We arrived at a hospital in the pre-dawn hours of the morning and grimly walked into its labor and delivery ward. I had been warned that this might be especially hard emotionally by our doctors, but we opted for the hospital over Planned Parenthood because of my advanced stage of pregnancy: I could get more anesthesia there and would have more privacy, and as it turned out they recommended, an epidural. The doctors were the same at both places, so there was no advantage there. I was also grateful for the lack of protesters as I walked into the hospital; I had heard (and had seen) people protest Planned Parenthood. I wondered what they’d say to me if they knew our story, not that it mattered. My reason wasn’t more ‘valid’ that someone else’s.

After changing into my gown and having IVs administered, I was given a pill to tuck into my cheek that would further the softening of my cervix. My doctors and nurses checked on us frequently advised that I get an epidural over full anesthesia for my safety (I agreed), and assured us that they’d do their best to get hand and footprints from Grace, and asked if we wanted to record her heartbeat. I had done so badly on my phone about a month prior using my home Doppler, so I declined this – I just didn’t think there was any way I could emotionally handle it. My home recording would be sufficient.

After a few hours, it was time to go to the operating room and have the procedure done. I was so nervous going into it that I started dry heaving and was sent down the room with a bucket in case I did throw up. Once we were in the room they had me sit on the edge of the operating table, hunched over while they administered the epidural, and I noticed a man sitting in the far corner. I asked if he was the doctor that would be doing the procedure (he was the only one we hadn’t met yet), which he confirmed he was, and right then the IV of relaxants, for lack of a better term, started. I remember gushing out to the operating room that I had wanted my daughter, that we were doing this out of love. They promised again that they would cut her umbilical cord before doing anything else, and they were tender and compassionate.

I was in and out of consciousness for the procedure, which only took 15-20 minutes. I found myself wishing they had fully knocked me out, but also feeling grateful that I could be somewhat present for the end of Grace’s time with me. I had been advised to bring headphones and music, and I got through 4 songs of her playlist: I think they were “Born To Run”, “Sittin’ On The Dock of the Bay”, “Let’s Spend The Night Together” (which I always thought was a hilariously awkward choice, but also what we’d do for many nights of her newborn and baby life) and “Superstition”. I loved the idea of Grace and I listening to the same songs at the same time, and her heartbeat ceasing while in the warmth of my body, literally enveloped in love, hearing music tenderly chosen by her father to say goodbye.  
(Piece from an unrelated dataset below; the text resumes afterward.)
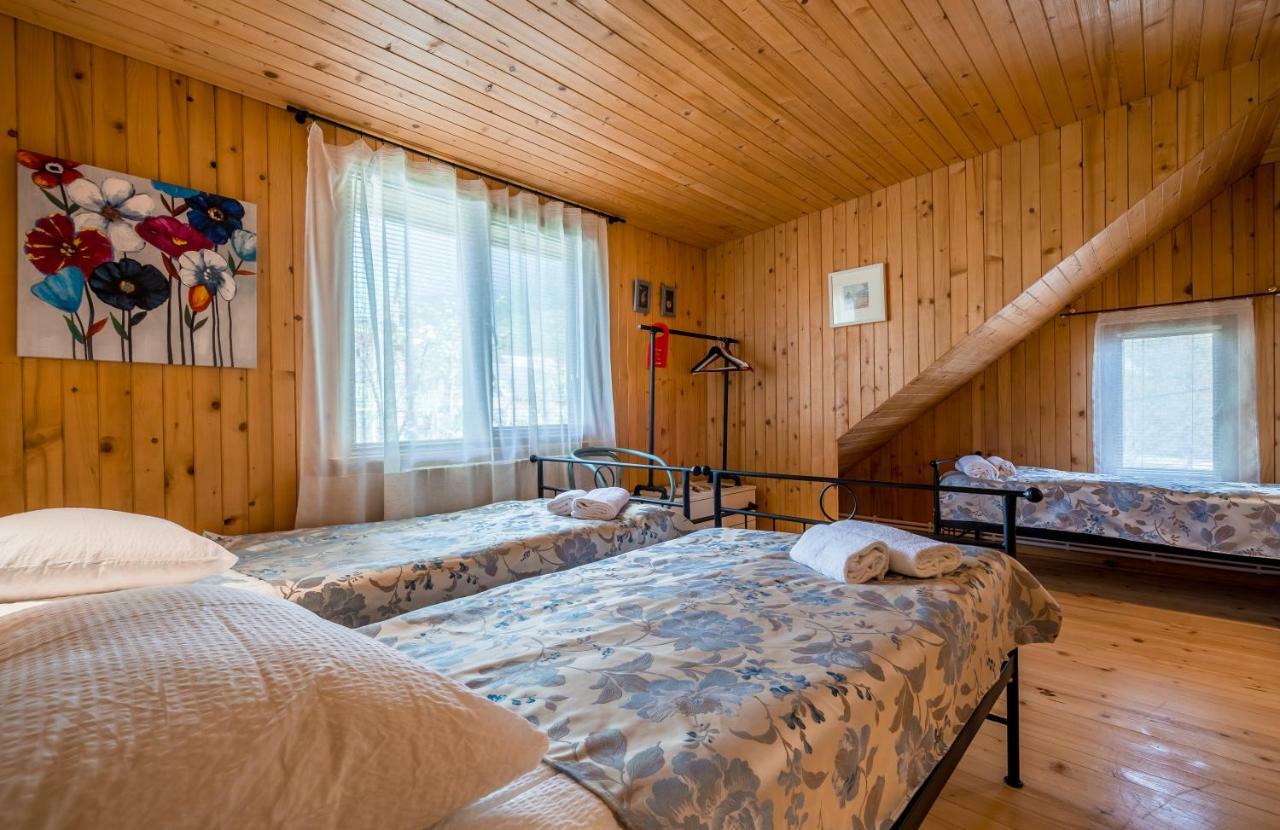 Rivendell Hotell Borjomi Eksteriør bilde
The next several hours were a blur of being freezing cold, being heaped with heated blanket, sleeping, and brief moments of doctors checking on me, pressing on my now empty abdomen. I felt around for Grace, and mourned for my now missing baby bump. It had never been big – we later learned because of the lack of amniotic fluid and how tightly curled up she was, but I was still acutely aware of what was gone. A chaplain came in and Jim had a long talk with her about God, Grace Pearl, and our decision while I slept. We were given the hand and footprints (both of which I realized looked just like Jim's which simultaneously filled and broke my heart), and a little bracelet Grace never got to wear that said "BABY".
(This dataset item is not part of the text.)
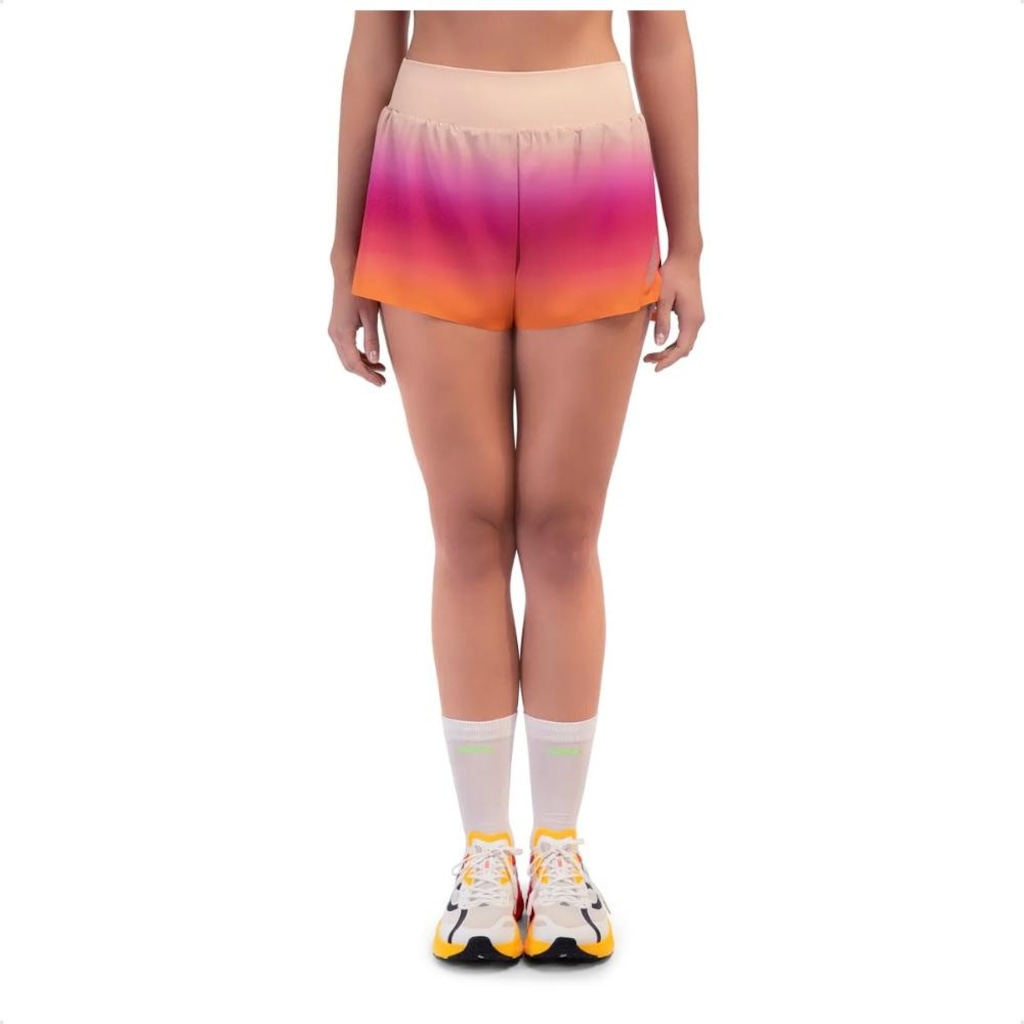 Short Olympikus Corre 3 Feminino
It was hours later when I was discharged to go home after I had crossed off all of the checkboxes that the hospital required. We left in much of the same way we’d arrived: the sun was again tucked away, and Jim and I quietly and awkwardly stepped through everyone else’s lives as they continued on with the laughs, smiles, plans, and jokes while we wondering how the world hadn’t stopped after such a terrible blow. As we drove off into the dark, back down to a family of two, I wondered how we’d get through Thanksgiving the next day, and then the day after that, and again after that, without Grace.